Créer une entreprise aux USA : ne pas s’encombrer de ses préjugés

Sylvain PerretPar Sylvain Perret (contributeur exclusif)Mon Oncle d’Amérique

Lors de la création d’une entreprise à l’étranger, pour l’entrepreneur qui en avait déjà créé une en France, l’un des dangers, paradoxalement, c’est son expérience.

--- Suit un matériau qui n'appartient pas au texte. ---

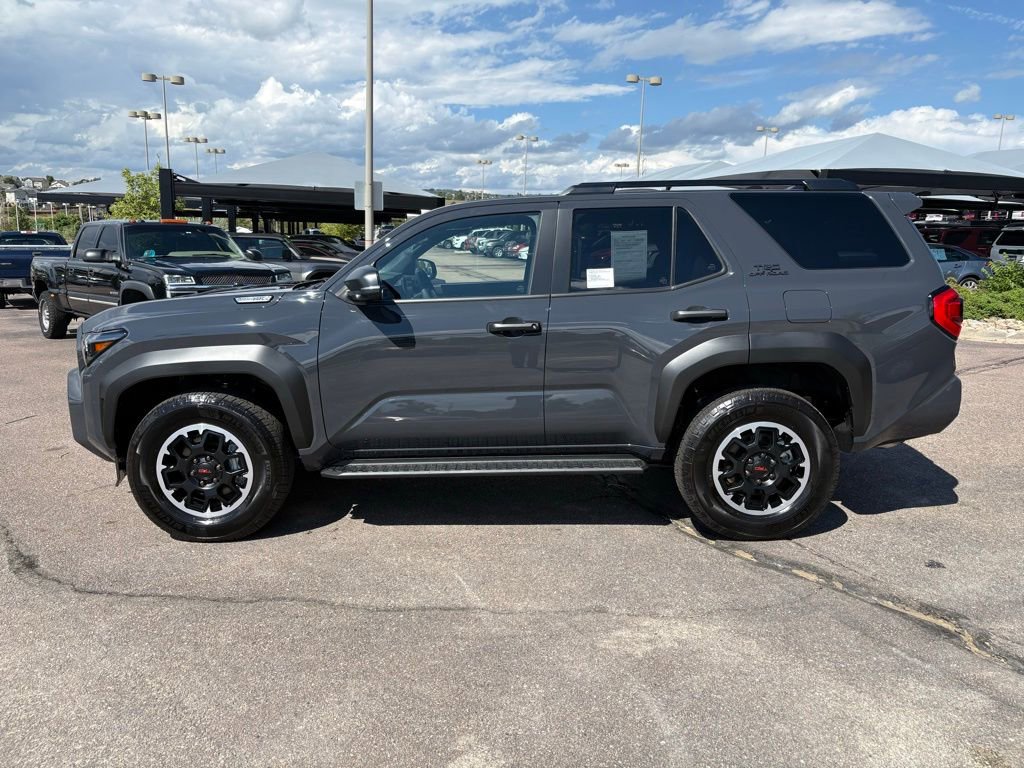 Used 2025 Toyota 4Runner TRD Off-Road image 5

En effet, l’entrepreneur émigré a pratiqué déjà un certain nombre des étapes et s’y présente, inconsciemment, avec des préjugés.
 
Je vais prendre un exemple qui illustre ce propos : le bail commercial. Pour l’entrepreneur qui souhaite ouvrir un commerce aux États-Unis, la première étape sera de trouver un local. Pour cela, il fera ses recherches sur le web (le plus connu : Loopnet : http://www.loopnet.com/), acquerra le vocabulaire, se fera au système en square feet au lieu des mètres carrés (en gros : diviser par 10)… et trouvera son local.
 
Il aura peut être fait le choix de négocier en direct avec le landlord (propriétaire) ou via un brocker (agent immobilier). Par contre, souvent, sa pensée restera articulée par son expérience en la matière : le fameux bail 3-6-9 !
 
Or, rien n’est plus différent d’un bail commercial français qu’un lease américain !
 
Premier point, en France, la loi protège clairement le locataire. Aux USA, la loi est hyper favorable au propriétaire. La loi encadre tout en France… Aux USA, c’est le contrat qui compte. Peu de choses sont réglées dans la loi, on laisse aux parties la capacité à négocier un contrat dans lequel presque tout est possible.
 
Deuxième point, quelle durée choisir ? « Je vais prendre assez court au cas ou ça ne marche pas et si ça marche, de toute façon, on prorogera ». Eh bien, ce n’est pas si simple. En effet, le droit de suite n’existe pas aux USA. Si le landlord décide de vous dire « Au revoir et merci » au bout de vos 5 ans à développer votre affaire et de donner en location le local à une grande chaine nationale qui louchait sur votre emplacement, rien ne l’en empêche. C’est pour cela qu’avoir une clause prévoyant un éventuel renouvellement et ses conditions vous protège.
 
Une anecdote pour en finir avec le bail. Lors de ma première location de magasin en Floride, j’ai négocié avec un brocker pour me représenter et je l’ai bien laissé parler. Quand nous en sommes arrivés à la question des travaux dans le local, j’étais surpris des détails que nous abordions. En effet, j’avais donné une estimation globale des travaux qui allaient me couter quand même pas mal d’argent. Jusqu’à ce que je découvre que le brocker était en train de négocier une participation financière du landlord aux travaux. Cela ne me serait pas venu à l’idée de l’évoquer ! Je suis ressorti de la négociation avec 3 mois gratuits, 3 mois à 1/2 loyers, une participation à hauteur de 12$ par square feet. Inimaginable pour moi !
 
Aujourd’hui, lorsque dans mes différentes missions j’aide un entrepreneur français à s’établir aux États-Unis, je lui conseille d’abord de repartir à neuf au niveau des idées et ne rien considérer comme acquis. On peut avoir de bonnes surprises, mais aussi de très mauvaises. Ensuite, je l’incite à s’entourer correctement ne serait ce que pour comprendre la portée des contrats qu’il signe. J’ai entendu plusieurs fois, trop souvent à mon gout, cette phrase « Too bad, so sad » qu’on pourrait traduire par un ironique « C’est vraiment trop dommage ».